Ce village aux airs irréels croûle littéralement sous les pneumatiques : il en traîne dans tous les coins et recoins du patelin, dans les jardins, sur le bas côté des chaussées, dans le moindre carré de cour disponible … et pour cause, on rassemble ici des pneus en fin de vie provenant de tout le pays. Un résident, Le Tan Trung, explique qu’il lui a fallu du temps à s’habituer à l’odeur ambiante de caoutchouc usagé. Des troubles respiratoires, des difficultés à s’alimenter, n’ont toutefois pas eu raison de sa détermination, il continue à travailler au recyclage pneu. Un autre habitant, Nguyen Van Dung, rapporte pour sa part que nombreux dans son entourage ont contracté toutes sortes de maladies, surtout des problèmes de peau après avoir manipulé des pneus pendant plusieurs années.

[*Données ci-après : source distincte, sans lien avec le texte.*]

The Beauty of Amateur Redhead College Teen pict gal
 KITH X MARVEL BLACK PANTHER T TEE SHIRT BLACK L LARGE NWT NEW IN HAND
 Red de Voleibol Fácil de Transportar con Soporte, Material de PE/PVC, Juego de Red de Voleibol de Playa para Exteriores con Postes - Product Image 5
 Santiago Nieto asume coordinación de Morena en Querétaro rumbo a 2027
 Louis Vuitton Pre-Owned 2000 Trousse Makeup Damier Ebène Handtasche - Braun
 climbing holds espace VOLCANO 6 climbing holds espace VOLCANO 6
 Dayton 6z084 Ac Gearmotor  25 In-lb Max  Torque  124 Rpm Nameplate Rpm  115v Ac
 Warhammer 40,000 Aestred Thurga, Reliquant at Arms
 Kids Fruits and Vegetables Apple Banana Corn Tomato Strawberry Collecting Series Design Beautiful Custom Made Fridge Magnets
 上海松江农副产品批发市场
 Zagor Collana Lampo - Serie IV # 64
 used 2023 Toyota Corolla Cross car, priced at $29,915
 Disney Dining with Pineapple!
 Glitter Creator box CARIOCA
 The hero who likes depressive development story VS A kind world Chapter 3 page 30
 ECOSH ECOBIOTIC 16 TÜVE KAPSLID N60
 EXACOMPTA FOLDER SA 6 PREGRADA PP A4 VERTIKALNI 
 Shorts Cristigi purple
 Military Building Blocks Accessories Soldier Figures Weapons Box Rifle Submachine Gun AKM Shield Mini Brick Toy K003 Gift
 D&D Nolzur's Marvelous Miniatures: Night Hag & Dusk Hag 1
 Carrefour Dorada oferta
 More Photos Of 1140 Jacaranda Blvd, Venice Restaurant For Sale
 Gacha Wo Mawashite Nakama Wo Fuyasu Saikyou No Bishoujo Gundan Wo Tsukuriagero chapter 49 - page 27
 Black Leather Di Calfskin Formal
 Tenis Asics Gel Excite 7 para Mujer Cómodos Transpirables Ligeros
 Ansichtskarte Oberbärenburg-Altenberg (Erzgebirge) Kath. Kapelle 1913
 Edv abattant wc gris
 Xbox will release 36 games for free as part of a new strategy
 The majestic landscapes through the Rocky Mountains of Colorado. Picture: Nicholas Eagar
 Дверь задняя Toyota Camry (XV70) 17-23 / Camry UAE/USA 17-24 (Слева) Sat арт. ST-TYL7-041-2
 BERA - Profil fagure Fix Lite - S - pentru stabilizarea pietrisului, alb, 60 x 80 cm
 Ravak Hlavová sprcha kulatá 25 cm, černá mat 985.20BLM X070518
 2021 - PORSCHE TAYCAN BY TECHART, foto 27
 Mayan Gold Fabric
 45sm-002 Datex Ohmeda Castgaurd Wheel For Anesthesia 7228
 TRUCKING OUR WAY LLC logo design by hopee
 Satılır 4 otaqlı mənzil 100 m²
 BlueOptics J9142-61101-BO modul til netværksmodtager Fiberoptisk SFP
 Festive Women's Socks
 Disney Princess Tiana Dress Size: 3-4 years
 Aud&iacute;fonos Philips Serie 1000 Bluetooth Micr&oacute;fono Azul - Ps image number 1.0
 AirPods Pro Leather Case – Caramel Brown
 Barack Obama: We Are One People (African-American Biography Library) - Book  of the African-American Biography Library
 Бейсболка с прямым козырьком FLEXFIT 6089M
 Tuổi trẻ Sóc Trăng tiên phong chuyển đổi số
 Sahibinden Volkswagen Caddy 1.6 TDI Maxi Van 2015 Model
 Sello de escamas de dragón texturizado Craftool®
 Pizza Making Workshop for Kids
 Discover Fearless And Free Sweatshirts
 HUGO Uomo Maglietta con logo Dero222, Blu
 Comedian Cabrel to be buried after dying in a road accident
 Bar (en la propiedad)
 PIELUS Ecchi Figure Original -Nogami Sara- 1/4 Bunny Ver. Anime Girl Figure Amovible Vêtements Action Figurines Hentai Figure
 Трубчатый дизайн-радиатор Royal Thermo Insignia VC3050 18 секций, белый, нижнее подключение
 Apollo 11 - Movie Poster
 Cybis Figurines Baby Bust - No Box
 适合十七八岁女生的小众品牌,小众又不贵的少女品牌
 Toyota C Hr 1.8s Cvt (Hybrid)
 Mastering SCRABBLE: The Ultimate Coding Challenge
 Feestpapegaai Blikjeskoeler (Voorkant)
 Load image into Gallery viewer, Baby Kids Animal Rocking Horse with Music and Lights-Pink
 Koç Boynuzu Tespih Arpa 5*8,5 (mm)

Ils sont plus de 1200 à avoir choisi ce gagne-pain dangereux dans le village, se lon la source. D’autres avancent le chiffre de 3000 personnes dépendant de cette activité.
La protection de l’environnement du département est intervenu, avertissant que les conditions de travail exposaient les ouvriers à des risques sanitaires. Sécurité et hygiène sont largement négligées dans ces manufactures de fortune, on y travaille sans vêtements de protection, ignorant le haut caractère inflammable de la gomme manipulée.

Certes on crée de l’emploi, mais à quel prix, de constater Nguyen Van Ba, vice-président du Comité populaire de la commune.

Au-delà des tristes conséquences sur la santé de la population déjà mentionnées, rajoutons que l’inhalation constante de poussière de caoutchouc est très nocive pour le système respiratoire, provoquant de surcroît maux de tête, étourdissements, et pour certains paralysie respiratoire.

Et même si l’on envisage de délocaliser ces installations de recyclage plus loin du village, les dommages sont bel et bien causés. Le défi sera donc de préserver la santé des résidents, l’environnement tout en ne sacrifiant pas une source de revenus précieuses pour de nombreuses familles.